A man on sick leave has had a nightmare for more than a month after his identity was stolen: Six unsolicited credit cards arrived at his home, and 13 card requests were made in his name in 13 days. Equifax.
“They told me I had no other problems, but on August 5, I was watching a movie and the phone rang: it told me that someone had re-applied for a card in my name at Equifax. . When I called CIBC, they said they had never seen it. “I was told,” said the Saudier-Appalachian resident, who requested anonymity for fear of making his situation worse.
“I developed stress-related health problems. I have dark thoughts. I can’t take it anymore! It’s heavy,” says the man, who has also suffered panic attacks in the past few days.
It all started on July 10th when he received a TD Bank credit card in the mail that he had never applied for. He went to the branch and realized that the employee had his social security number on file, although he had not reported it to this bank and it was not his.
The next day, the person got a CIBC card, and the day after that another.
Is Desjardins Linked to Data Theft?
“I had the reflex to call Desjardins, a customer of mine, and I was told it might be related to the 2019 data theft. They said they were going to get with me,” says the victim, who later received three more cards. .
“Since the beginning of the year, we’ve seen a slight increase in fraud through identity theft,” admits Chantal Garbeil, senior spokeswoman for public relations at Desjardins Group.
The organization goes with financial institutions, the police, Equifax and TransUnion to take all action when its members are affected. But Desjardins doesn’t necessarily consider himself a source of identity theft.

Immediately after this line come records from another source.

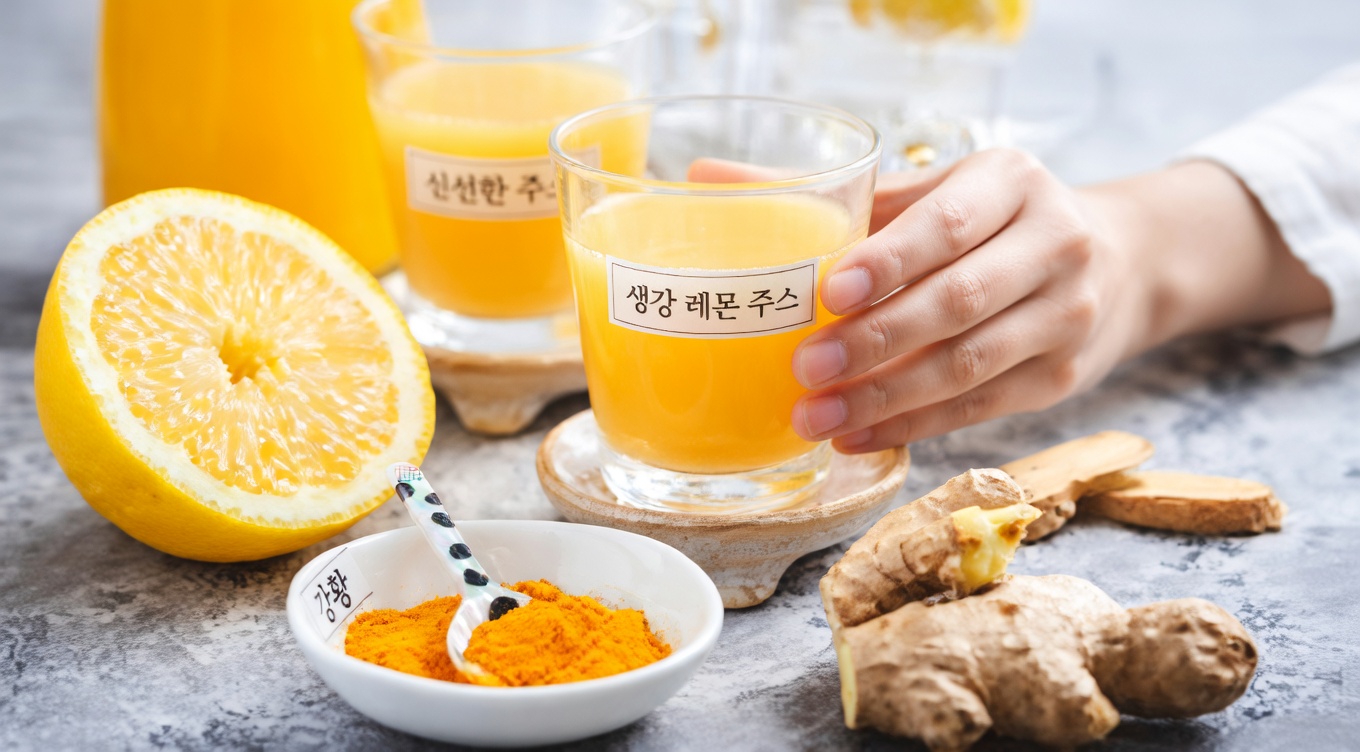 일상적인 건강과 에너지 수준을 돕는 간단한 토마토 생강 음료 만드는 법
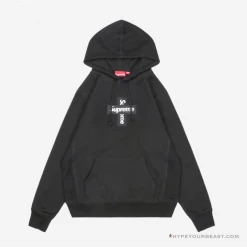 HypeYourBeast Hoodies & Jackets Supreme Cross Box Logo Hoodie Black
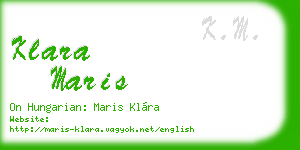 klara maris business card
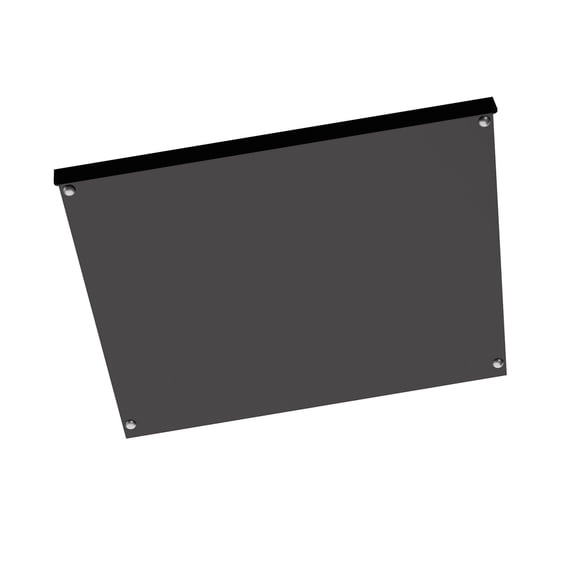 Premium Acrylic Cutting Board 3MM Thick For Kitchen With Built In Lip For Fruits Vegetables And Bread Making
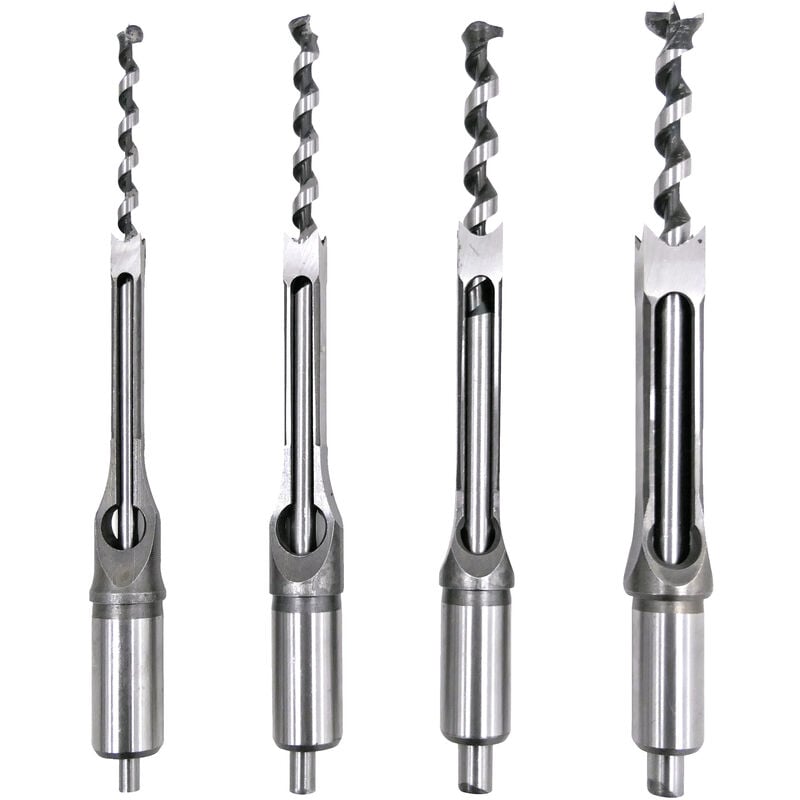Fartools - Coffret de 4 couteaux de mortaises ø8 10 12 16mm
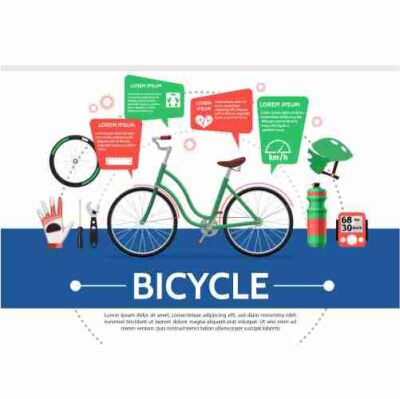 وکتور تبلیغات فروشگاه دوچرخه و ملزومات دوچرخه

“Since 2019, many companies have reported data breaches,” says Ms.
Trust is shattered
Because he reported the matter quickly, the man did not have to pay the amount transferred from the cards claimed by fraudsters in his name. But he knows he will receive other cards in the coming months. He also knows that his social security number and other sensitive information are in the wrong hands. Also, he lost faith in institutions.
“Even Equifax has had data stolen. There’s someone who hacked my file and changed my phone number,” he says worriedly.

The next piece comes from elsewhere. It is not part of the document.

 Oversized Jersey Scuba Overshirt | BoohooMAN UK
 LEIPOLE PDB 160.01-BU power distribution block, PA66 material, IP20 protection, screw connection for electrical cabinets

Desjardins offers him psychological support, which he uses extensively these days, as well as six years of protection with Equifax. Beyond this period, he wonders if he should pay himself to ensure the security of his file. He knows the stolen information could affect him anew because he can’t change his lifelong Social Security number, mother’s last name, date of birth, or past jobs.

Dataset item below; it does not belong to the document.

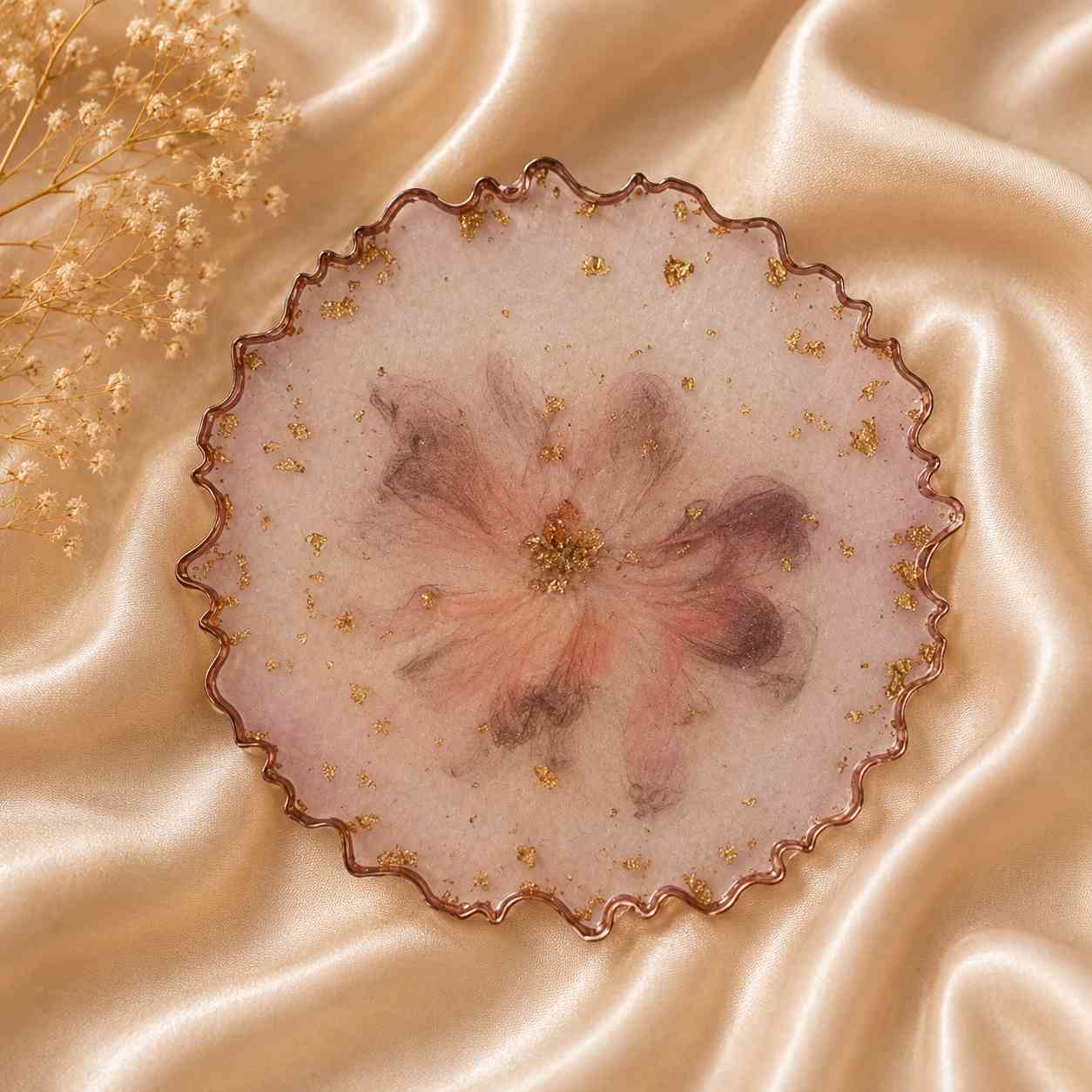 Resin Luxury Tea Coaster (6 Pcs)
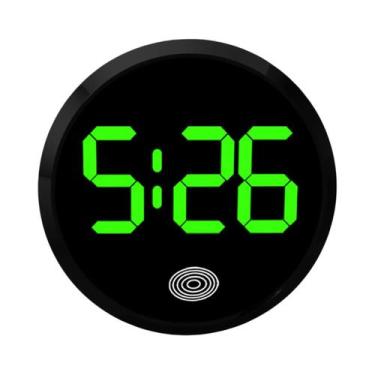 Imagem de Relógio Digital LED Mini Para Carro Com Display Redondo Luminoso Para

“The data theft happened at Desjardins in 2019. It’s 2023. How long is it? Until 2030? 2035?” The man who asks, sometimes feels misunderstood in his misery.
It took Desjardins a month to complete the steps to secure his file. Now he wants to see financial institutions more stringent in issuing credit cards; A process that seems much easier to him in the digital world, where you can pretend to be someone else.